The idea is that everybody can choose and have what they like, it creates different feeling and people feel confident.
However, in order to make the free shop running regularly, Khora needs more volunteers. Also there is huge need for mans cloths, not extra large, and shoes for man and women, specially water proof and winter cloths, and man pajamas. Backpacks for kids and prams are also needed. If you can donate, it will make many people happy.
Khora provides many other services, including dentistry. However, currently only one dentist provides services while the need is huge, so they are looking for more dentists who could volunteer in a very nice and well equipped dentistry.
Additionally, if you can donate speakers for community spaces, that would be of a great help.
Khora is a co-operative foundation offering on-going compassionate support for refugees stuck in Athens and the surrounding area. “The term Khora has its origins in ancient Greek philosophy. It can be described as a ‘placeless place’, a space in which borders cease to exist, in which all people are thus free. We believe all humans are equal and deserve equal care and rights.”
If you can help in any way, or want to join Khora, you can find them on their FB page. Write them and they will reply soon.
In spite of these horrifying circumstances, many refugees look to care for those around them, finding solidarity in the plight of the homeless of Greece. The video report contains more details on these ongoing acts of kindness.
As the bureaucratic entities continue to only expedite procedures that push people out and back, it comes to the spirit of regular people reaching out to make life-saving changes to the world.
Refugees removed from the streets by organization.
In Italy, again, it comes to the small people to resist winter’s chill — Baobab Experience praises the efforts of Arci nazionale to house 19 refugees who otherwise would be sleeping on the freezing streets. However, as Baobab Experience notes, making space is more than space:
“And above all they found humanity, a thing that we keep taking for granted … natural, but that doesn’t seem to be granted so easily from what you read in the papers or that you see on TV.

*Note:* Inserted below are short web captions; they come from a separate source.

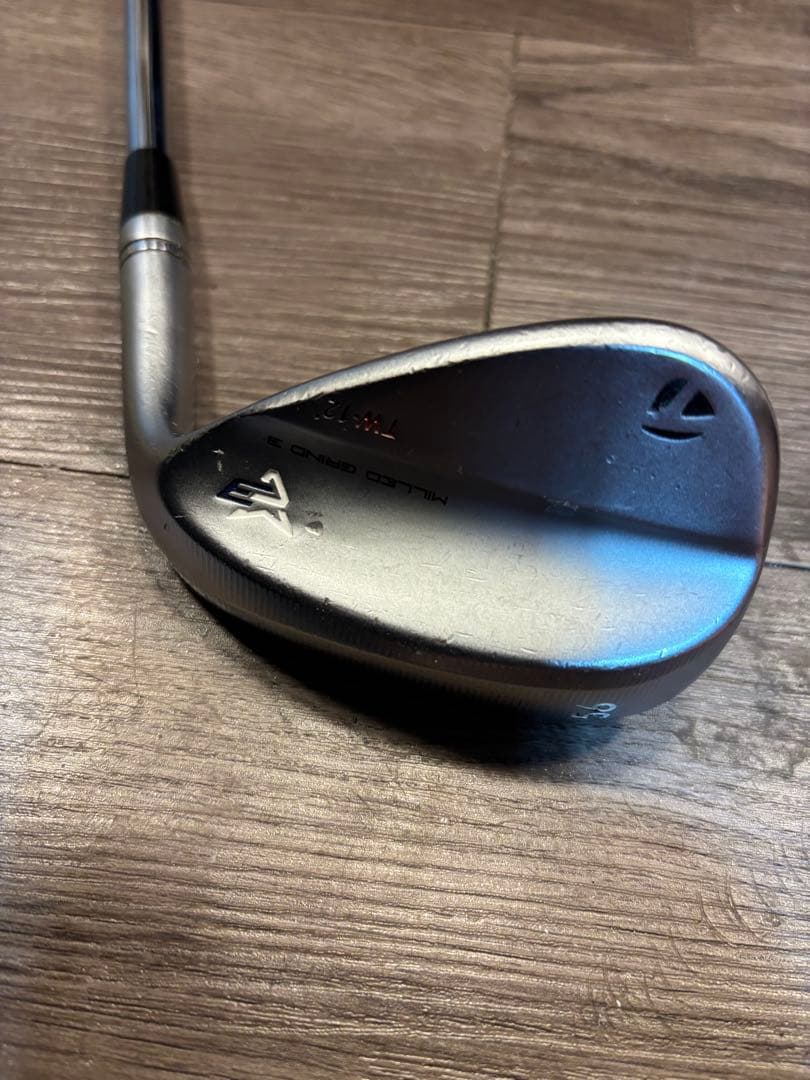 Milled Grind 3 ウェッジセット 50度 56度 ２本セット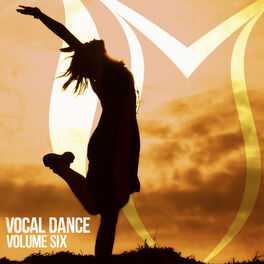 Album cover of Vocal Dance, Vol. 6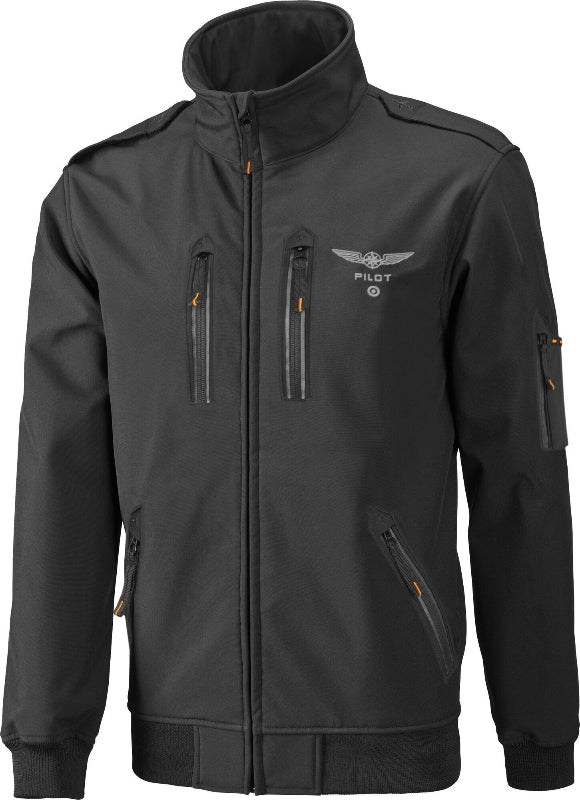 General Aviation Pilot Jacket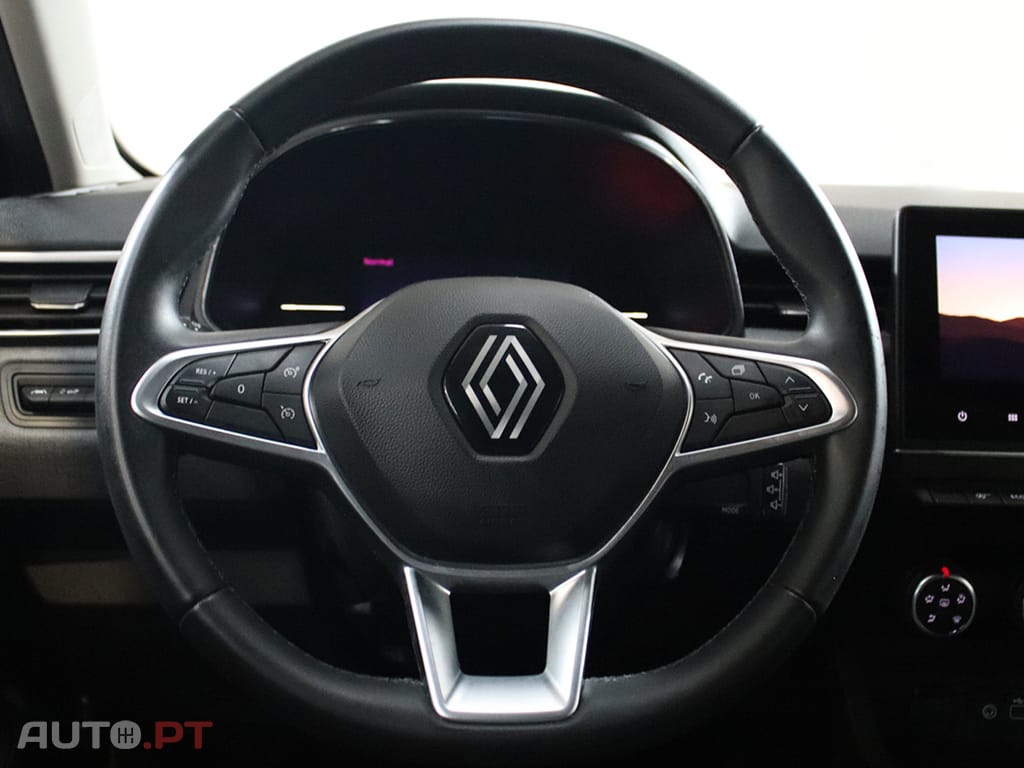 Renault Clio Clio 1.0 TCe Evolution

This is why we have the right to tell the stories that we listen to… solidarity and the despair, the laughter and the sharing. We have a duty because we have to give information, testify, so that everyone can choose a side.”
The fight against winter continues in Serbia, with organizations joining forces to look after people.
Organizations in Belgrade continue to scramble to make small modifications to the makeshift sleeping spaces for the thousands on the streets. MSF installed several heaters in the barracks, but are quick to point out that this is not a viable solution to the crisis.
Borderfree is continuing its partnership with Miksaliste to provide support to the day center in Belgrade. Furthermore, Miksaliste is providing space to sleep for 50 women and children. Although this makes only a small dent in the number of people sleeping in horrific conditions throughout Serbia, perhaps this gamble can set a precedent for ordinary people and other organizations to innovate safe, warm sleeping options through the increasingly brutal winter.
It is with horror that we all read about this terrifying winter nightmare, but let the hopeful stories encourage us to take courage and rather than falling prey to despair, instead raise a banner of hope until people are safe.